# GOAL OF THE EXERCISE:
When you copy the material below, keep every line exact and drop the pictures.

# DATA SECTION:
# # # # # # #
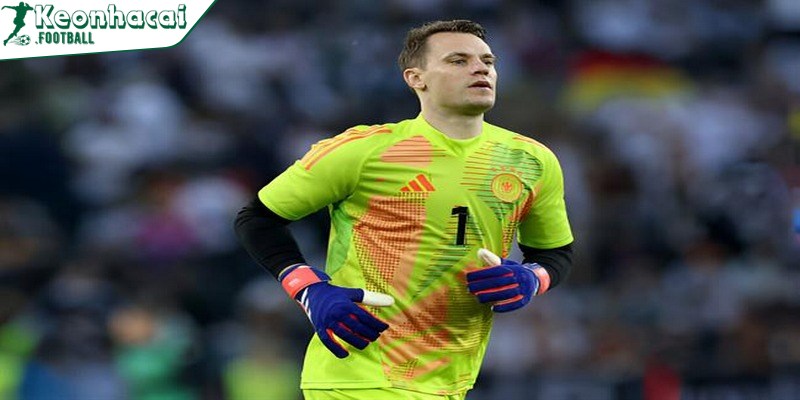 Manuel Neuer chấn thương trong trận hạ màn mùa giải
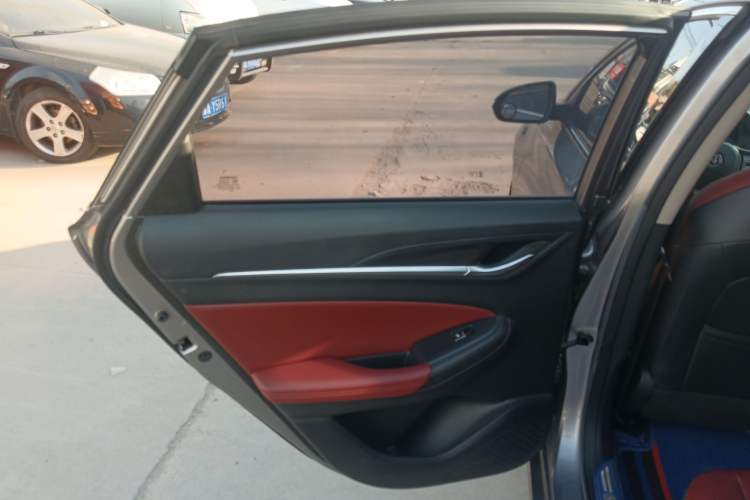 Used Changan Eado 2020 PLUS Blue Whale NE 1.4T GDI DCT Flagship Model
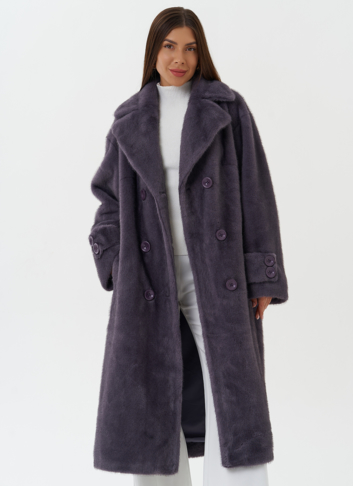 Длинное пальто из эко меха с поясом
# # # # # # #
# OUTPUT BELOW:
 Manuel Neuer chấn thương trong trận hạ màn mùa giải
 Used Changan Eado 2020 PLUS Blue Whale NE 1.4T GDI DCT Flagship Model
 Длинное пальто из эко меха с поясом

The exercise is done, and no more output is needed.